Skip to content

Data#

The public source of truth is BCI Competition IV, data set 2a.

The packaged processed dataset uses six files:

  • X_train_valid.npy
  • y_train_valid.npy
  • person_train_valid.npy
  • X_test.npy
  • y_test.npy
  • person_test.npy

Post-processed .npy files under data/processed/ are versioned with Git LFS so the examples can run from a fresh clone. Raw archives, extracted GDF files, local caches, and intermediate conversion folders stay out of Git.

Before adding or updating processed arrays, install Git LFS and initialize it once:

git lfs install
git lfs track "data/processed/*.npy"

The tracked files are:

  • data/processed/X_train_valid.npy
  • data/processed/y_train_valid.npy
  • data/processed/person_train_valid.npy
  • data/processed/X_test.npy
  • data/processed/y_test.npy
  • data/processed/person_test.npy

The processed arrays are intentionally excluded from PyPI distributions. PyPI users should download or regenerate the data with the commands below.

Download Raw Data#

python -m eegclassify.cli download-bci2a --raw-dir data/raw

Regenerate The Processed Dataset#

python -m eegclassify.cli prepare-bci2a \
  --raw-dir data/raw \
  --output-dir data/processed_regenerated \
  --manifest data/processed_regenerated/manifest.json

The default converter uses the training GDF files A01T.gdf through A09T.gdf, extracts the first 22 EEG channels, uses 1000 samples starting one sample after cue onset, and applies the package split map. A trial-block split is still available with --split-map none.

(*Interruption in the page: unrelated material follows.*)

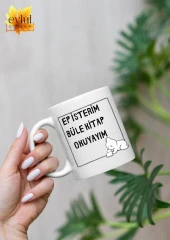 Ep İsterim Büle Kitap Okuyayım Yazılı Trakya Özel Tasarım Baskılı Kupa Bardak Hediye Kahve Bardağı - 1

Compare Processed Outputs#

python -m eegclassify.cli compare-data \
  --generated-dir data/processed_regenerated \
  --reference-dir data/processed \
  --output artifacts/data_comparison.json

The comparison report includes shapes, dtypes, SHA256 hashes, label counts, subject counts, exact-match flags, and numeric differences.

The data postprocessing notebook runs the same workflow interactively.